A federal judge scuttled a lawsuit against the Jacksonville Sheriff’s Office by a woman who was shot by police along with her 2-year-old son when a bank-robbing carjacker commandeered their car.
Joann Cooper argued officers who fired pistols and shotgun rounds 30 times into the car in 2010 violated her constitutional rights that protect against unreasonable seizure and deprivation of liberty without due process.
But Senior U.S. District Judge Harvey Schlesinger issued a summary judgment in favor of the Sheriff’s Office, saying damage done in the shooting outside a Wendy’s restaurant on Baymeadows Road wasn’t a constitutional question.
The Constitution “does not provide a remedy for every tragedy,” Schlesinger wrote, “nor is it implicated every time a law-enforcement officer injures an innocent bystander.”
The carjacker, Jeremiah Mathis, died during the confrontation with police, but his rights weren’t at issue in the lawsuit.
Mathis had robbed a Wachovia Bank at 8715 Baymeadows Road and apparently left without a getaway ride, so he ran behind neighboring businesses, gun in hand, trying to evade police who were closing in.

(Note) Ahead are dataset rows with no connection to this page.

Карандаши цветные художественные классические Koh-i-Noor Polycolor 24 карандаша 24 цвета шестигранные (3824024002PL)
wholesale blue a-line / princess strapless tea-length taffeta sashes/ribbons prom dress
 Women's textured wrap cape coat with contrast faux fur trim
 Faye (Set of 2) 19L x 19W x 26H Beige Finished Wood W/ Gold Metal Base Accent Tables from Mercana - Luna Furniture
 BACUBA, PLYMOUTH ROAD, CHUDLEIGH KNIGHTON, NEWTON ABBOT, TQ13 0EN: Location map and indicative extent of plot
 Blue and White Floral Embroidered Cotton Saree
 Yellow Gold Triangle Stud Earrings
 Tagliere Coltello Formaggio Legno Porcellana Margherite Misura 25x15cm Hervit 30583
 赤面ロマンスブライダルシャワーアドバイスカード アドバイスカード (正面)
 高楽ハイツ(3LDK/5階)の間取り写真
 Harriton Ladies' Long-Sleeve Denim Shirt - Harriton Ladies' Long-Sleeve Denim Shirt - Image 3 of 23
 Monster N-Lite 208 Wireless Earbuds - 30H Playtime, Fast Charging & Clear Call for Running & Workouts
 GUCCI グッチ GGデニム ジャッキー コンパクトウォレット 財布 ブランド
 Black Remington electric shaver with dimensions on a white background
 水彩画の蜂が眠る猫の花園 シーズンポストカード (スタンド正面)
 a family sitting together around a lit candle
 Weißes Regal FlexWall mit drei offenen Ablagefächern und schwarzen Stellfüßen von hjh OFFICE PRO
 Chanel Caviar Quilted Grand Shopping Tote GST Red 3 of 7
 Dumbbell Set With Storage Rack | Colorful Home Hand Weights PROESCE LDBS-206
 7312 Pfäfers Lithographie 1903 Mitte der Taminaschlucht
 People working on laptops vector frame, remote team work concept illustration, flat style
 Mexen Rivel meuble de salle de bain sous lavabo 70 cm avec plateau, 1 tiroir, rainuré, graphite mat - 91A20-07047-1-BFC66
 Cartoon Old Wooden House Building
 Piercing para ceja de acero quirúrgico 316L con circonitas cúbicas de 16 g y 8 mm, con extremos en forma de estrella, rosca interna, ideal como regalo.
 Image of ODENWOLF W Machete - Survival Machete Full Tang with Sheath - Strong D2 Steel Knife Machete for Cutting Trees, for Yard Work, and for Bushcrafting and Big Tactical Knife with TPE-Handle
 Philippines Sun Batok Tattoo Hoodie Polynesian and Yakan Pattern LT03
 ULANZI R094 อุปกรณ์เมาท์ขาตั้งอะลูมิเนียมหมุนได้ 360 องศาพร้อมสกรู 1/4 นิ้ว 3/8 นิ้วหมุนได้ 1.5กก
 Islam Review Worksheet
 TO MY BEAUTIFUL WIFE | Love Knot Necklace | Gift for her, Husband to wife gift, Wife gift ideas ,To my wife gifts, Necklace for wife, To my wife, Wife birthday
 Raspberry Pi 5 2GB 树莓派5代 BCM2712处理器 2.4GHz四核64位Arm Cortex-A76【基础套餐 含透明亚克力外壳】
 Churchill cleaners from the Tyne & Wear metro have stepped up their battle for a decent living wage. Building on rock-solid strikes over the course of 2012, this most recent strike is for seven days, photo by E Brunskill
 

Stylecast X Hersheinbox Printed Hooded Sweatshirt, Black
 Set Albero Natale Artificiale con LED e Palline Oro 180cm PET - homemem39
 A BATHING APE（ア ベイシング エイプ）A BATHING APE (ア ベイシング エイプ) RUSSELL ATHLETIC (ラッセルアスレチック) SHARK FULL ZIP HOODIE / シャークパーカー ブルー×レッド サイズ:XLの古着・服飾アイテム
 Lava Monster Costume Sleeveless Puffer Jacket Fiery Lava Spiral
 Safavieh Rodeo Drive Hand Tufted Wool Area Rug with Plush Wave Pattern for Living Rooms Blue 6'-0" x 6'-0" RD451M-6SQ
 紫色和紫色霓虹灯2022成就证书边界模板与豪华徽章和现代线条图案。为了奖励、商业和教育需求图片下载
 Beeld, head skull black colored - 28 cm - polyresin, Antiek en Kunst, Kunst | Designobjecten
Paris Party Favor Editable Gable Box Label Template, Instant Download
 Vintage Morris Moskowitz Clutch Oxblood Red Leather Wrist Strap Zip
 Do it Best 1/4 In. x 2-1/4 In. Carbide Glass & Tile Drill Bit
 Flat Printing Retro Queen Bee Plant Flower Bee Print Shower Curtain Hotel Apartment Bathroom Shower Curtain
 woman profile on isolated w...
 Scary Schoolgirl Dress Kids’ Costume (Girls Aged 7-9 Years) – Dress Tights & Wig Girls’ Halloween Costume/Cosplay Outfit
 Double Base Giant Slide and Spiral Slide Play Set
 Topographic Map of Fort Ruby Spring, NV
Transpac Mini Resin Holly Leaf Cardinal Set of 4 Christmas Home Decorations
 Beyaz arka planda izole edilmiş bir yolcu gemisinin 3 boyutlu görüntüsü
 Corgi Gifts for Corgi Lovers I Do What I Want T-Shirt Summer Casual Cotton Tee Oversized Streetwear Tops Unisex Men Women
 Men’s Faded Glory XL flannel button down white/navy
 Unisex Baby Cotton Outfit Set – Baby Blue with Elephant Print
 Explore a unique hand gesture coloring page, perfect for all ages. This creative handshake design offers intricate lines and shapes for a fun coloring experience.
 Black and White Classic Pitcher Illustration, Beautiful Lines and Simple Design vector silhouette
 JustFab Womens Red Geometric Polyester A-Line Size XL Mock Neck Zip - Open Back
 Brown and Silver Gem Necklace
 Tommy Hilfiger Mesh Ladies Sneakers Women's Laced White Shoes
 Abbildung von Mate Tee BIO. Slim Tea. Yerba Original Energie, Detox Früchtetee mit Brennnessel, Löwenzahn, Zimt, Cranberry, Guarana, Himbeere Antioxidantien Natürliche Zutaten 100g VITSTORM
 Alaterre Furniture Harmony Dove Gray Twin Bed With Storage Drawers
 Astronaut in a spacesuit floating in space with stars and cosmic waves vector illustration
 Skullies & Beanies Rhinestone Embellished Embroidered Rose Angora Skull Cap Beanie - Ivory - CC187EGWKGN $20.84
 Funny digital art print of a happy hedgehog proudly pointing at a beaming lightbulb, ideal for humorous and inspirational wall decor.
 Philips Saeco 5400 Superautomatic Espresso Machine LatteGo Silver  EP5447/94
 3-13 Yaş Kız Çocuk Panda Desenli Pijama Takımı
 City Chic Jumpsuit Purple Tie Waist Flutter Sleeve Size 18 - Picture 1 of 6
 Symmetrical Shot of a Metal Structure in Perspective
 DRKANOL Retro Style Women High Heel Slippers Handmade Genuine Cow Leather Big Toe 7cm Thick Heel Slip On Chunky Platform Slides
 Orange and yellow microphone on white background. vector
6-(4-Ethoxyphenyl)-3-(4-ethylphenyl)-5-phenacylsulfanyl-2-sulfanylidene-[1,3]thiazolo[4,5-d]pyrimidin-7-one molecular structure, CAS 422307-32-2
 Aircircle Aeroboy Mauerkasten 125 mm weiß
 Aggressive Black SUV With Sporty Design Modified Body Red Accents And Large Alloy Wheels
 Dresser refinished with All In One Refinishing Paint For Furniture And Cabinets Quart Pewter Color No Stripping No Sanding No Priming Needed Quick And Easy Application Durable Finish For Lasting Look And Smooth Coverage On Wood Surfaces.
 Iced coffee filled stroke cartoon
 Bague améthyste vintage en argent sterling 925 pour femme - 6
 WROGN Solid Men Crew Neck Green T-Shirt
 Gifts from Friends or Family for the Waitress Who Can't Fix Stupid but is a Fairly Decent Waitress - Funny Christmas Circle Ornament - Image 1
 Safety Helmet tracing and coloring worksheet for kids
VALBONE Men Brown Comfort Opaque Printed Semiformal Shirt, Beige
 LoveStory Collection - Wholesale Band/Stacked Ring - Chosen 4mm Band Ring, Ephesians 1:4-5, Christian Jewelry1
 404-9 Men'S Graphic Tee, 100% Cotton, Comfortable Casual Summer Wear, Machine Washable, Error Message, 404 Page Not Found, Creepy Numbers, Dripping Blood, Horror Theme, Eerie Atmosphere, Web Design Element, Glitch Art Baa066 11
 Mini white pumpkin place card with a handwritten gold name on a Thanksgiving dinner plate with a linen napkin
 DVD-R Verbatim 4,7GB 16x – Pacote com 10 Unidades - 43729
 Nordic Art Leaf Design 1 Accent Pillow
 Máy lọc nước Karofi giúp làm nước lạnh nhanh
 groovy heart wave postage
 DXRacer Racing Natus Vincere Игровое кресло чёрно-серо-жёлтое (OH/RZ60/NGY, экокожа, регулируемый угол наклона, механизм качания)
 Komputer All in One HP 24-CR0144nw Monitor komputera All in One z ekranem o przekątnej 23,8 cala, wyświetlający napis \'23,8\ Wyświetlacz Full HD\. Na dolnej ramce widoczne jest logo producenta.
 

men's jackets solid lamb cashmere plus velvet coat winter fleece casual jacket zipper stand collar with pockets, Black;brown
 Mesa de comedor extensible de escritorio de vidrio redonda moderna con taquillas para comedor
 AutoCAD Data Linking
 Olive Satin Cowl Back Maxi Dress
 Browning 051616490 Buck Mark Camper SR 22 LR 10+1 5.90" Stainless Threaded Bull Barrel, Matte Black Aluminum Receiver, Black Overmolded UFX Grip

When he reached Wendy’s, Mathis found Cooper stopped in the drive-thru lane with her kids and opened her car’s driver’s door. He told Cooper “I will kill you” as she yelled for him to get out and fought over the gun, knocking it from his hand after he climbed inside.
In the next few moments, four officers and a recruit fired 42 times at Cooper’s Nissan and at Mathis, some of those shots coming as the car inched out of the restaurant driveway onto Baymeadows. Cooper was shot in the foot and her son was shot in the chest and arm.
“It was a minor miracle that the aggressor — Mathis — was the only one who perished,” Schlesinger wrote.
A Sheriff’s Office review board later faulted one officer, Ryan Black, and the recruit, Darries Griffith, who between them fired 30 rounds, for shooting without considering potential danger to restaurant customers and a police supervisor who could have been shot. Both resigned their jobs soon after that.
But Schlesinger — in his opinion handed down last week — said none of that justified letting the lawsuit continue.
In an earlier chapter of the seven-year-old case, a distinct question involving Black had been passed up the judicial chain of command to the 11th Circuit Court of Appeals in Atlanta. Schlesinger pointed out that the appeals court decided back then that Cooper had no basis for arguing unreasonable seizure, and said normal judicial rules keep a lower court from deciding for itself a question the appeals court has already handled.
As for deprivation of liberty –the 14th Amendment — Schlesinger wrote there was no basis to sue unless there was “evidence that the officers intended to harm Cooper and/or her son — and there is none.”
Cooper’s suit argued Jacksonville had a pattern of not training police properly on when to shoot, but the judge said that analyzing police customs “is not relevant or appropriate” if there weren’t any constitutional violations.